So have the South Australian Liberals. Liberals in that state will follow their Queensland counterparts into history.

The old one-two

Nick Xenophon evolved a constituency that neither the Liberals nor the Democrats fully recognised: people concerned about the increased availability of gambling in a state where it had never been prevalent. He expanded his appeal to cover the spaces left by the dying Democrats, and vacated by the Liberals as they moved right. Now that the Liberals want to move back to the centre, it's too late; Xenophon owns that space now.

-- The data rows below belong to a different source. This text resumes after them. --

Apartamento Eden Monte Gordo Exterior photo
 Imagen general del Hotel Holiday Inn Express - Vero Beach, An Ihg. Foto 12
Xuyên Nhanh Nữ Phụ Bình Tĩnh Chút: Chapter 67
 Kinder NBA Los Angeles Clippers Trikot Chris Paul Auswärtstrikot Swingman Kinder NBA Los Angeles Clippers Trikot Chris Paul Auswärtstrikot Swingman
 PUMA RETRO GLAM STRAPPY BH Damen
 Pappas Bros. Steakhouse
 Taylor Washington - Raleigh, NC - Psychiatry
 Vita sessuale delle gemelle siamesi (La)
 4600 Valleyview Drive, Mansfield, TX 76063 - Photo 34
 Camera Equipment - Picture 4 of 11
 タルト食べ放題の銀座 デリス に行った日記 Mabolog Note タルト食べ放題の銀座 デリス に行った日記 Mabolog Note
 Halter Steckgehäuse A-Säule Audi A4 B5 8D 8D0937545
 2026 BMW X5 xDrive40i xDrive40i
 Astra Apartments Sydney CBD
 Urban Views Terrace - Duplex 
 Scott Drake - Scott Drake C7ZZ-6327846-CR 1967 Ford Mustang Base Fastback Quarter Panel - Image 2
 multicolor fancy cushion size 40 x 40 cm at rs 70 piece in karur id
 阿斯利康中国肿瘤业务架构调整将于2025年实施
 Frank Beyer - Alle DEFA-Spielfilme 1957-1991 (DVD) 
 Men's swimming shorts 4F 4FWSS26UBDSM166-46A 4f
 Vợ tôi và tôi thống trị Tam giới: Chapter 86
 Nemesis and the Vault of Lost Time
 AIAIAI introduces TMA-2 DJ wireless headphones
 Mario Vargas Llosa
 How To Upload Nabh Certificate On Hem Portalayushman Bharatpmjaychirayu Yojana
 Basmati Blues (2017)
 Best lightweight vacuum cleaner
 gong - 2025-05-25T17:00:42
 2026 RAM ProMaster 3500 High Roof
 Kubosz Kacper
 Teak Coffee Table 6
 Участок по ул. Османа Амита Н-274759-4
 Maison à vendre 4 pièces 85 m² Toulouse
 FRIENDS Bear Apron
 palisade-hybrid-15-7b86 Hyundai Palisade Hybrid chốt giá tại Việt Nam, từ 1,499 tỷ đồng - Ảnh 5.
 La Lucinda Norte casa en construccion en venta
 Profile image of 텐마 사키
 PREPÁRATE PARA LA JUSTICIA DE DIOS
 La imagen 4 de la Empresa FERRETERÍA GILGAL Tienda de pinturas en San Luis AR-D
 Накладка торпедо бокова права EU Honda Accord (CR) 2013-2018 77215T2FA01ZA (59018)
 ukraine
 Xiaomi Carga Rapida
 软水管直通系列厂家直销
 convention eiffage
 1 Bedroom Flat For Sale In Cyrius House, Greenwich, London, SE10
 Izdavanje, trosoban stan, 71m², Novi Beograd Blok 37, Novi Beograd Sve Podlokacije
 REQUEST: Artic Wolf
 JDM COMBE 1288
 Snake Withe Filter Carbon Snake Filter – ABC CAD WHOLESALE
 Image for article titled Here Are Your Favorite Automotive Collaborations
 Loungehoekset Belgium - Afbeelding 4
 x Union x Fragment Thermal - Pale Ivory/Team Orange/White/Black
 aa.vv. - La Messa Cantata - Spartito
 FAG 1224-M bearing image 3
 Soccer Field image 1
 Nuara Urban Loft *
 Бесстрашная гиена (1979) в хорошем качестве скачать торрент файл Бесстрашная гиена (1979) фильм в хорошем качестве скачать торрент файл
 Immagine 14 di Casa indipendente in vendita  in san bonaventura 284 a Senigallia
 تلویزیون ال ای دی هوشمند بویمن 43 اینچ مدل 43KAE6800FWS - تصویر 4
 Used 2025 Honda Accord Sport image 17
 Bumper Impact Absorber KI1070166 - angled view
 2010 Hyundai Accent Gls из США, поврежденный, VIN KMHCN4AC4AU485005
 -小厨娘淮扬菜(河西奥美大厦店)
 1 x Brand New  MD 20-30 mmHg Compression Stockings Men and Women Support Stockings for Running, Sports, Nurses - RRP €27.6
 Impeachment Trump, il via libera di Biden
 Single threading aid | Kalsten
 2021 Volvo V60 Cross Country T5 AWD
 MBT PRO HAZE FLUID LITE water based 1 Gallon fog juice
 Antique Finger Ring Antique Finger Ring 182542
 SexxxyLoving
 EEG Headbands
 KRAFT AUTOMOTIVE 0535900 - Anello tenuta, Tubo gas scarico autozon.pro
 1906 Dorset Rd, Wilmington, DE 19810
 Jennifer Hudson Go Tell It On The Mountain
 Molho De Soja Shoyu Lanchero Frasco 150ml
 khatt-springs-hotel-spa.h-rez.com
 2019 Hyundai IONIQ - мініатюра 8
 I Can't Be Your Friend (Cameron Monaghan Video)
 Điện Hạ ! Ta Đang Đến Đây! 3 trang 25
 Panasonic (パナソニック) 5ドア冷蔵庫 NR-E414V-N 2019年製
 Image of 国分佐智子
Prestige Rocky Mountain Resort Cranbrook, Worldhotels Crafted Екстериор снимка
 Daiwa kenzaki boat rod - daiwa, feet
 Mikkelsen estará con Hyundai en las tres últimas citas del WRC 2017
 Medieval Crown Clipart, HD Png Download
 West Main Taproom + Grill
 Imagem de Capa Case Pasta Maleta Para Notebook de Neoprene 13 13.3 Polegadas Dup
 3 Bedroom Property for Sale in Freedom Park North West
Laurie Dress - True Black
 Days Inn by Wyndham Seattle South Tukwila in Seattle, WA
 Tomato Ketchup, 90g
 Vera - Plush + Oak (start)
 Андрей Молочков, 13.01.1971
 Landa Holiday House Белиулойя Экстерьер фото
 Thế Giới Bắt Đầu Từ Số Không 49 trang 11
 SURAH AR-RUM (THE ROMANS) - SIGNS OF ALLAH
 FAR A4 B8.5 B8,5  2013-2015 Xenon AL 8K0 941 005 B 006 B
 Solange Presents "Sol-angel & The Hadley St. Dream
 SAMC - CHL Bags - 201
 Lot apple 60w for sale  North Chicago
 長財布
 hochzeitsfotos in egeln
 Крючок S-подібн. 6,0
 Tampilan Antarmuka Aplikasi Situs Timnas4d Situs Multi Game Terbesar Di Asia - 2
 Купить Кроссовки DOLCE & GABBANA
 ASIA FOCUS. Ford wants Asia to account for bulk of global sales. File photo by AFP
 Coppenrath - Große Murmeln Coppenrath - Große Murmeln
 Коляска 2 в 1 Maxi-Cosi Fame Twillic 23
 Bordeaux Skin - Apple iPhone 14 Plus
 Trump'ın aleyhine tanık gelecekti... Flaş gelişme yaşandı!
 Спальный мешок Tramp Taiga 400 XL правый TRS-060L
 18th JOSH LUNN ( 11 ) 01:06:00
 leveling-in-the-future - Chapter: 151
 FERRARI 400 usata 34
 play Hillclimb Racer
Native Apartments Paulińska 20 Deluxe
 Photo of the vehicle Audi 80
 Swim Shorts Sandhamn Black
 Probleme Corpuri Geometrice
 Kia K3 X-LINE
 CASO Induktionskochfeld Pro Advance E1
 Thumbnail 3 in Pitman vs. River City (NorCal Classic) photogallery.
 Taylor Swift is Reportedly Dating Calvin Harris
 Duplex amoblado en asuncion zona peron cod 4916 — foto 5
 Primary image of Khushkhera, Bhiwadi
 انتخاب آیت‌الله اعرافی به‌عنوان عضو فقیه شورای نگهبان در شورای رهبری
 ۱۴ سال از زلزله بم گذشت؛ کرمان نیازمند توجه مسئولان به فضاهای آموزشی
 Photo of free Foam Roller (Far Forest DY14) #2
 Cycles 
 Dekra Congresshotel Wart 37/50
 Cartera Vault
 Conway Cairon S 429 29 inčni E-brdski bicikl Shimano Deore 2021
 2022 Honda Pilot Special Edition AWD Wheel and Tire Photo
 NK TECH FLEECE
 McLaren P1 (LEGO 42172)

Part of the Liberal Party's shift to the right meant that they lost the ability to rein in someone like Cory Bernardi. A precocious young student politician, Bernardi modelled not only his policy outlook but his organisational structure on US brimstone-and-sodomy conservatives. Nobody becomes a Liberal Senator without backing from a substantial portion of the party, having worked the branches and other party structures assiduously (Bernardi was a protege of Nick Minchin, the party's State Director who stacked an overwhelmingly moderate state organisation in favour of conservatives). What made Bernardi different was building networks of fundraising and patronage independent of the Liberal Party, tapping into funds and support that the SA Liberals didn't know about and weren't obliged to declare.

By the time Bernardi took top spot on the Liberal ticket in 2007 the threat was implicit: put me at the top of the ticket or I'll run against you. Nick Minchin retired soon afterwards, knowing Bernardi was building a political superstructure taking him beyond the reach of the party, and beyond the discipline of people like himself. His setting-up of a new conservative party has been a long, long time coming. Finally, he's judged that his hour is at hand, and that he is free to drop off the Liberal Party like a sated tick.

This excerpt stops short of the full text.